The suit was filed Thursday in Delaware court on behalf of Sheila Slaughter Richey, the executor of her late husband’s estate — she married George Richey in 2001, three years after the 1998 death of his previous wife, Wynette — and the couple’s daughter, Tatum Keys Richey. George Richey died in 2010. Todd V. McMurty of Kentucky and Sean J. Bellew of Delaware are the Richey estate’s trial attorneys.

The suit, obtained by Variety, is full of lengthy scene descriptions and even subtitled stills from “George & Tammy,” as well as interviews given by Georgette Jones, actors Jessica Chastain (who played Wynette) and Zahn, and series creator and showrunner Abe Sylvia. None of the actors or creatives are defendants.

The filing says that the miniseries defames the late Richey in multiply damning ways, “as a devious husband who abused Wynette and Richey’s prior wife, facilitated and encouraged Wynette’s addiciton to prescription painkillers, and engaged in financial and managerial manipulation of Wynette.”

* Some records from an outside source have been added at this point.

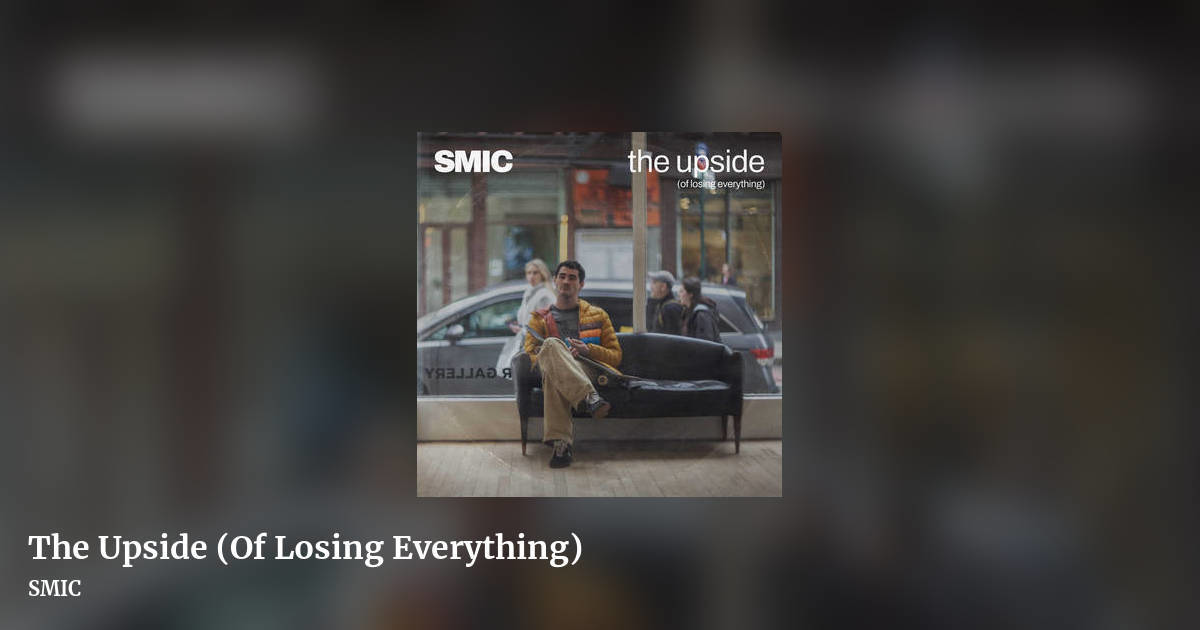 The Upside (Of Losing Everything) by SMIC, landscape clean share image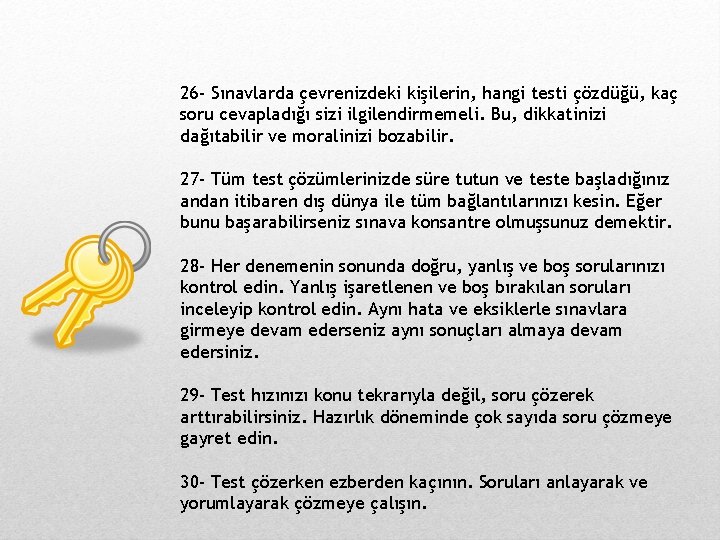 26 - Sınavlarda çevrenizdeki kişilerin, hangi testi çözdüğü, kaç soru cevapladığı sizi ilgilendirmemeli. Bu,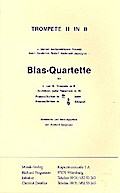 Blas-Quartettefür 2 Trompeten, Es-Althorn (Tenorhorn) und Posaune (Bariton)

It further details specific scenes in which, the attorneys say, Richey is seen as facilitating Wynette’s addiction to prescription pain killers “to create a dependency,” including injecting her with Demerol on their wedding day; fabricating break-in scenarios at Wynette’s home in order to manipulate her into marrying him, for protection; and being physically abusive toward Wynette and his wife prior to her.

Additionally, the suit slams printed epilogue titles saying that “George Richey inherited the vast majority of her estate” and that “Tammy’s yellow note pads [in which she left significant money to her daughters] were never found.” Say the attorneys: “The obvious implication is that Richey destroyed the yellow note pads that contained Wynette’s will.”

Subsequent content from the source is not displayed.